Recorded data:
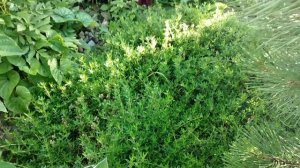 Эффектный ЦВЕТНИК как из ЖУРНАЛА. Однолетние и Многолетние Цветы и Растения. Часть 1   #миксбордер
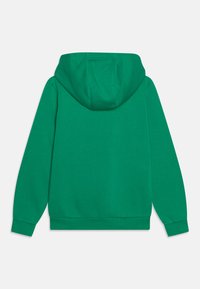 pull nike verte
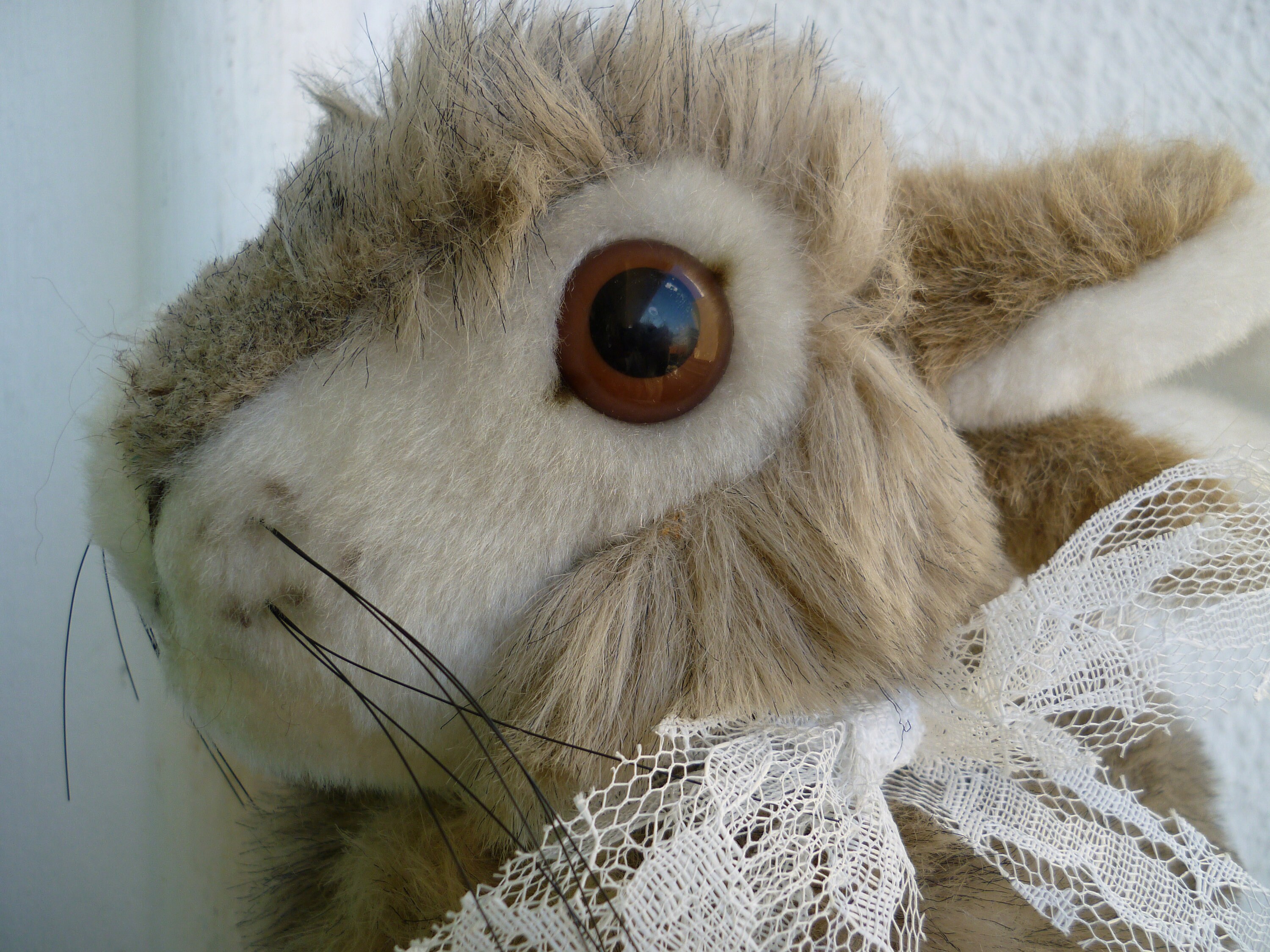 ANCIEN OURS PELUCHE BOUCHE OUVERTE YEUX DE VERRE BLEUS 37cm TOP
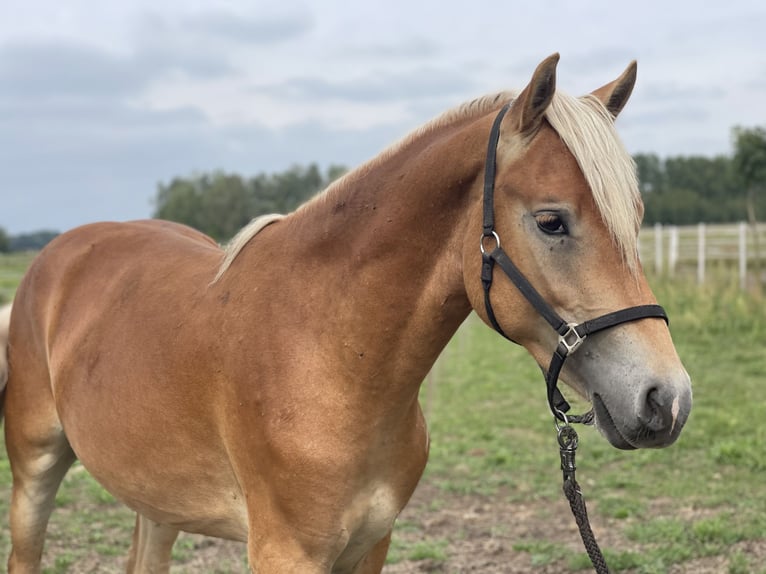 Haflinger Stallion 2 years 14,2 hh in Trebbin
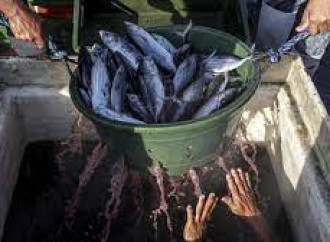 La richiesta di mangimi a base di pesce priva 33 milioni di africani dei mezzi di sussistenza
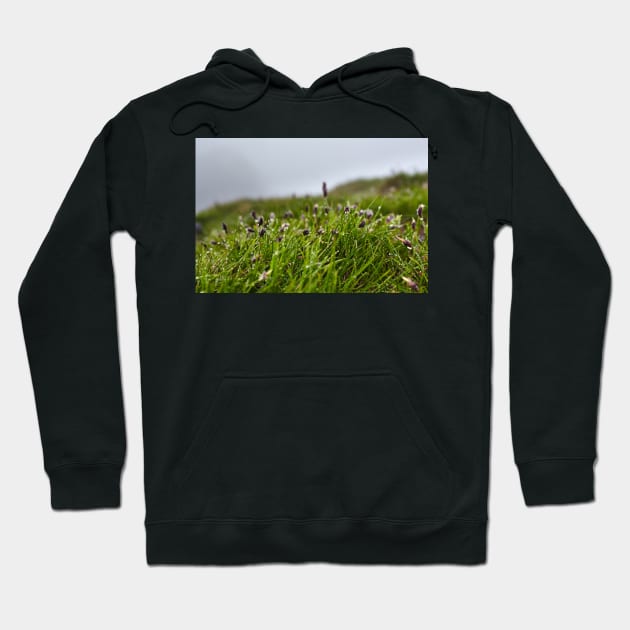 Grass and buds with morning dew Hoodie by naturalis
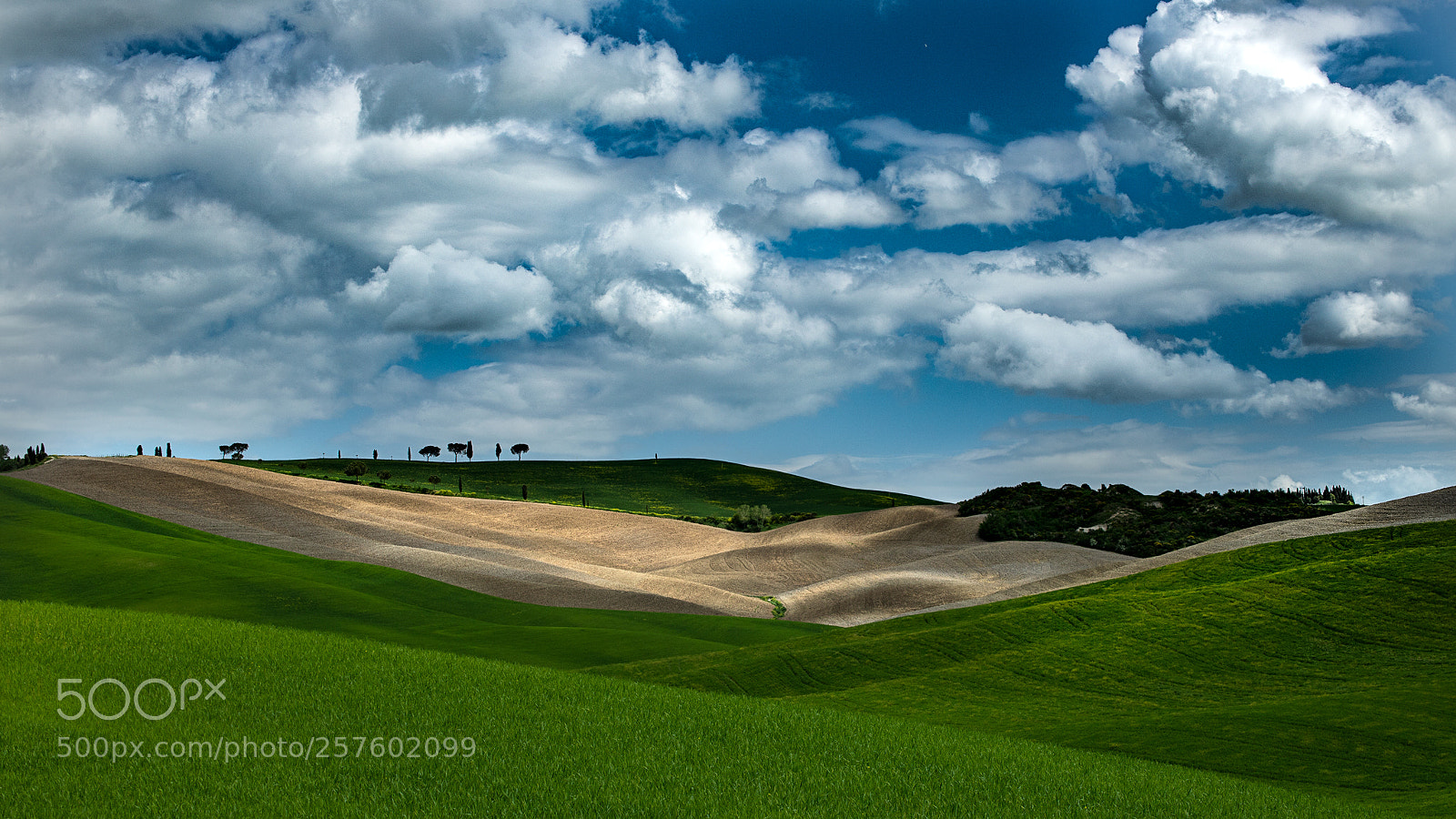 Canon EOS 6D Mark II sample photo. Colline toscane photography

Task goal: You are asked to reproduce each line above exactly, but to exclude the pictures.

Solution for this exercise:
 Эффектный ЦВЕТНИК как из ЖУРНАЛА. Однолетние и Многолетние Цветы и Растения. Часть 1   #миксбордер
 pull nike verte
 ANCIEN OURS PELUCHE BOUCHE OUVERTE YEUX DE VERRE BLEUS 37cm TOP
 Haflinger Stallion 2 years 14,2 hh in Trebbin
 La richiesta di mangimi a base di pesce priva 33 milioni di africani dei mezzi di sussistenza
 Grass and buds with morning dew Hoodie by naturalis
 Canon EOS 6D Mark II sample photo. Colline toscane photography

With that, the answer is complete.